EEE 2102:Electrical Circuits 2 (AC) Lab Laboratory works based on EEE 2101.

EEE 2103:Electronic Devices 1) Semiconductors: electron and holes in an intrinsic semiconductor, donor and acceptor impurities. 2) Introduction to solid state electronics: Energy band structure in solids, insulators, semiconductors and metals, Conductance and semiconductors, electrons and holes, 3) Diodes: open circuit p-n junction, diode characteristics, small signal model of diode, and circuit applications of diode, rectifiers and zener diode. 4) Bipolar junction transistors: characteristics, different configuration of transistor amplifiers, voltage and current amplifiers small signal low frequency h parameter model analysis of transistor amplifier using h parameters, high input resistance transistor circuits, transistor biasing and thermal stabilization. 5) MOSFET: Introduction- PMOS, NMOS and CMOS transistors and their switching characteristics, depletion and enhancement MOSFET.

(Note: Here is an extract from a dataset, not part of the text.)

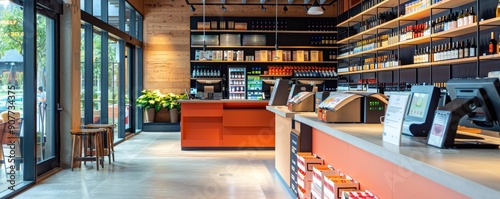 Modern checkout area in a wine boutique with sleek design and vibrant lighting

EEE 2104:Electronic Devices Lab Laboratory works based on EEE 2104.

MAT 2202:Math 4(Matrices, Vectors And Fourier Analysis): Definition of matrix. Different types of matrices. Algebra of matrices. Adjoint and inverse of a matrix. Rank and elementary transformations of matrices. Normal and canonical forms. Solution of linear equations. Matrix polynomials. Eigen values and eigenvectors. Vectors: Scalars and vectors; equality of vectors. Addition .and subtraction of vectors. Multiplication of vectors by scalars. Scalar and vector product of two vectors and their geometrical interpretation. Triple products and multiple products. Linear dependence and independence of vectors. Differentiation and integration of vectors together with elementary applications. Definition of line, surface and volume integrals, Gradient, divergence and curl of point functions. Various formulae, Gauss's theorem, Stoke's theorem, Green's theorem. Fourier Analysis: Real and complex forms. Finite Fourier transform. Fourier integral. Fourier transforms and their uses in solving boundary value problems.

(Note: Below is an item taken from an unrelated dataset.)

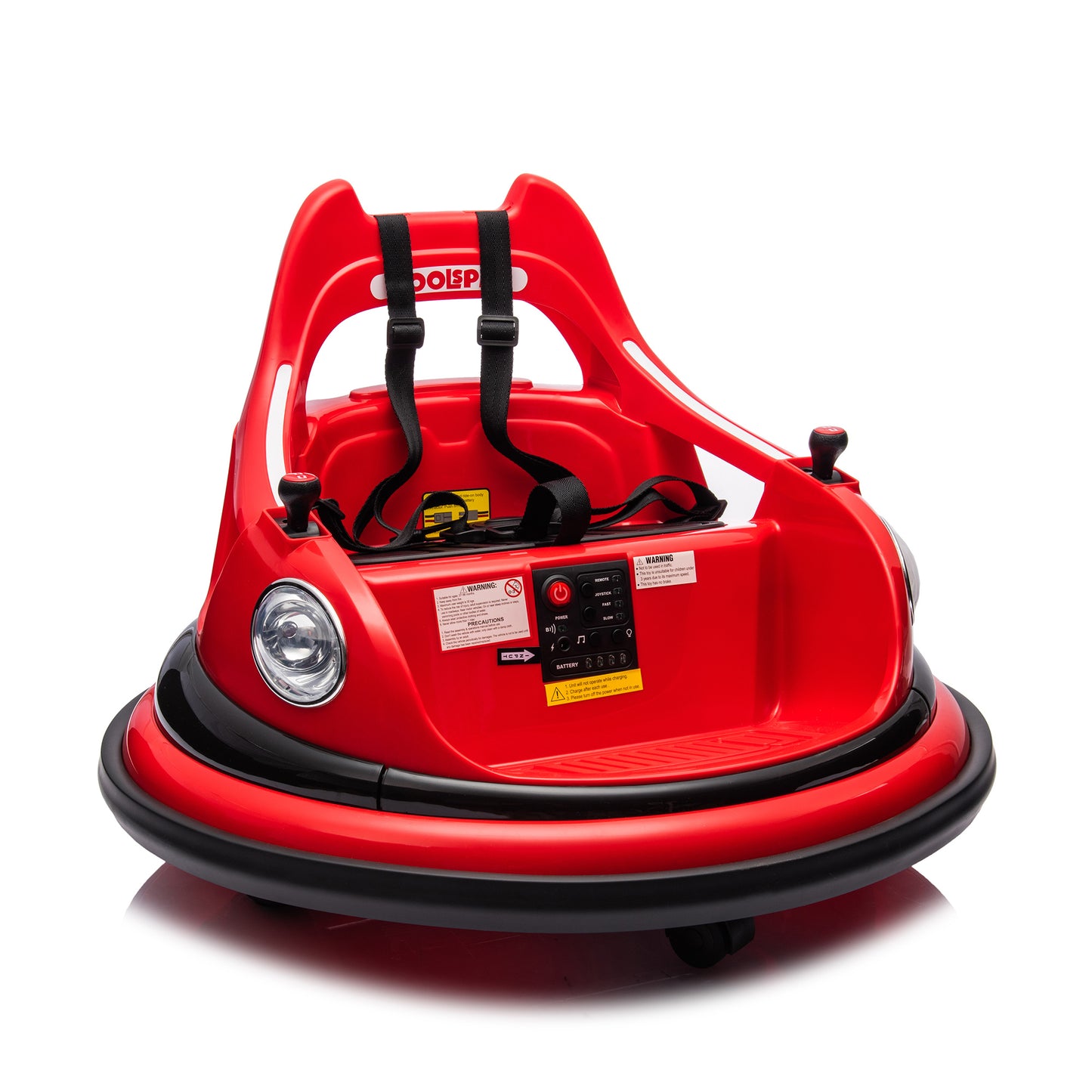 12V Ride-On Bumper Car for Kids - Remote Control, LED Lights & 360Spin, Red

EEE 2209: Analog Electronics Operational Amplifiers (Op-Amp): Introduction to Op-Amps and its applications, AC Performance of Op-Amp: Familiarize with the frequency response of Op-Amp, Active Filter: Analyze and design diverse types of filter, Transistor at High Frequencies: Observe the performance of hybrid model and the amplifier response, Feedback Amplifiers: Classify the amplifiers and analyze different methods of a feedback amplifier, Multistage Amplifiers: Achieve a clear idea about RC coupled amplifiers and their frequency response, Power Amplifiers: class A, class B, class AB, and class C, Positive feedback and oscillator, RC, LC, and crystal oscillators such as sinusoidal oscillators, phase shift resonant circuit etc, MOSFET small signal and large signal model of MOSFET, MOSFET as an amplifier, common-source amplifier, frequency response, trans-conductance, high frequency model of MOSFET, three band diagram, differential pairs, MOS differential pair, common-mode operation, differential mode operation, mismatch and offset, frequency response of MOS differential pair, MOS capacitance.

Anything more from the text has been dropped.